Milk in the Middle East: Ancient Traditions, Bedouin Dairy, and Modern Markets
The Middle East is, arguably, the birthplace of dairy culture. The first cattle were domesticated in the Fertile Crescent; the first cheese-making tools were found in present-day Turkey and Iraq; Sumerian dairy friezes are among the oldest depictions of human food production. And yet the region's own dairy traditions remain largely unknown to the wider world, overshadowed by the European dairy narrative. Here is a deep dive into one of the world's oldest and most fascinating milk cultures.
The Deep Roots: Dairy in the Ancient Fertile Crescent
The earliest solid evidence of dairying comes from the Fertile Crescent — the arc of territory spanning modern Iraq, Syria, Lebanon, Jordan, Israel, and southern Turkey. Around 7,000–8,000 BCE, the region's early agricultural communities were already processing milk into butter and cheese.
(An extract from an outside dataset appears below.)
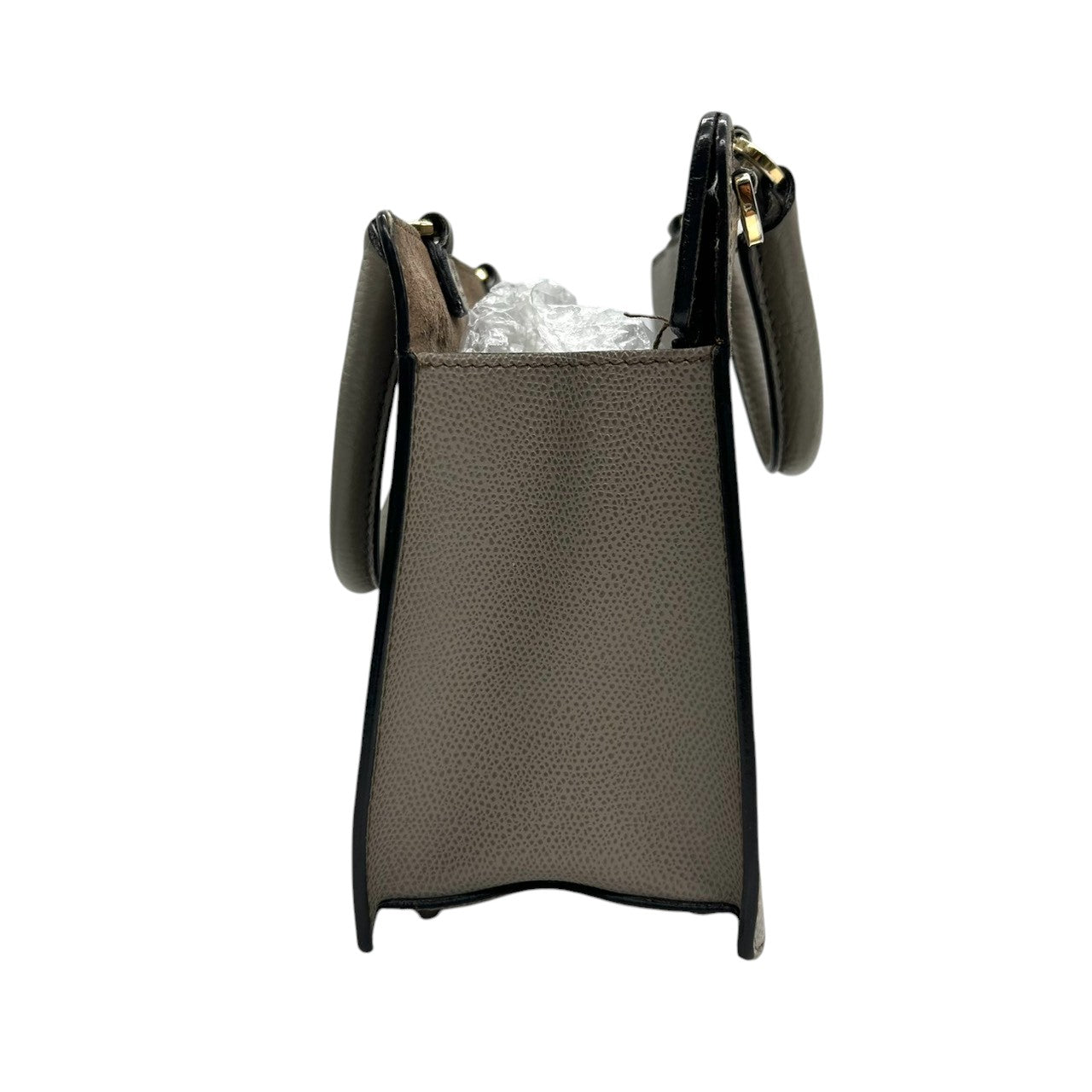 【美品】フルラ ネット 2WAY ハンドバッグ ショルダーバッグ レザー グレージュ レディース FURLA NET トップハンドル 斜め掛け可 自立可 通勤 フォーマル エレガント イタリア製 コンパクト 人気モデル s82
The famous Warka Vase (c. 3,200 BCE, from Uruk in modern Iraq), now in the National Museum of Baghdad, depicts cows being milked in procession. Sumerian cuneiform tablets describe dairy operations and cheese varieties in systematic detail — not as luxuries but as staple agricultural products.
The biblical tradition is rich with dairy references: the land of Israel is described as a "land flowing with milk and honey." Milk, curds, cheese, and butter appear throughout the Hebrew scriptures as symbols of abundance and divine blessing.
Camel Milk: The Desert's Liquid Gold
In the arid interior of the Arabian Peninsula, the Sahara, and the Sahel, where cattle cannot survive, the dromedary camel has been the primary dairy animal for millennia. Bedouin communities have relied on camel milk as a near-complete food source during desert crossings and droughts.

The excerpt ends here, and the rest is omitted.